▶ **Work required**: Given the entries that follow, write out exactly the lines starting at the one containing "Certified 2024 BMW" and ending at the one containing "kilmarnock v berwick", both ends included, and only those.

▶ **Material shown**:
────────────────
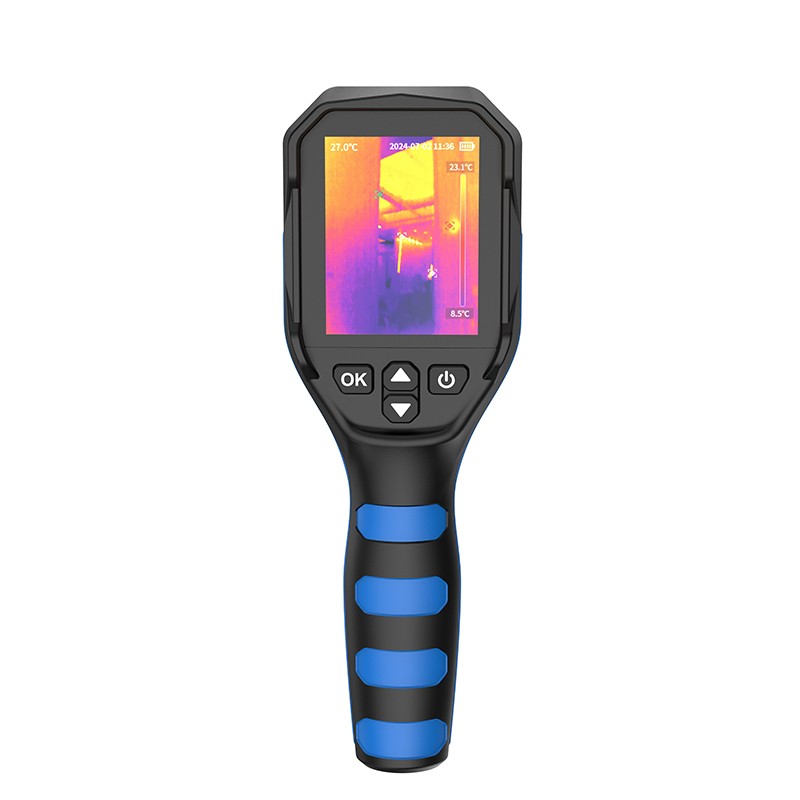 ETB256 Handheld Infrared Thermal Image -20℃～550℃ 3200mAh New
────────────────
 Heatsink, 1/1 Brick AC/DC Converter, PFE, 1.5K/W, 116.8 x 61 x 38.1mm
────────────────
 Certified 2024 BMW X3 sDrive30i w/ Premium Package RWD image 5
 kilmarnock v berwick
────────────────
▶ **Answer to the problem**:
 Certified 2024 BMW X3 sDrive30i w/ Premium Package RWD image 5
 kilmarnock v berwick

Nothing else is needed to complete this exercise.